About 60,000 Syrian Kurds fled into Turkey in the space of 24 hours, a deputy prime minister said on Saturday, as Islamic State militants seized dozens of villages close to the border.
Turkey opened a stretch of the frontier on Friday after Kurdish civilians fled their homes, fearing an imminent attack on the border town of Ayn al-Arab, also known as Kobani.
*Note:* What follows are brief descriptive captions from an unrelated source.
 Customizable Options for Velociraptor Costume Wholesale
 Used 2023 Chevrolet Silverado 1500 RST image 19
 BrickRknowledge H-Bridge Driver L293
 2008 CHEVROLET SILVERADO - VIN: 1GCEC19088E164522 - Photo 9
A Kurdish commander on the ground said Islamic State had advanced to within 15 km (9 miles) of the town.
Local Kurds said they feared a massacre in Kobani, whose strategic location has been blocking the radical Sunni Muslim militants from consolidating their gains across northern Syria.
The United States has said it is prepared to carry out airstrikes in Syria to stop the advances of Islamic State, which has also seized tracts of territory in neighboring Iraq and has proclaimed a caliphate in the heart of the Middle East.
U.S. forces have bombed the group in Iraq at the request of the government, but it is unclear when or where any military action might take place in Syria, whose president, Bashar al-Assad, Washington says is no longer legitimate.
Lokman Isa, a 34-year-old farmer, said he had fled with his family and about 30 other families after heavily armed Islamic State militants entered his village of Celebi. He said the Kurdish forces battling them had only light weapons.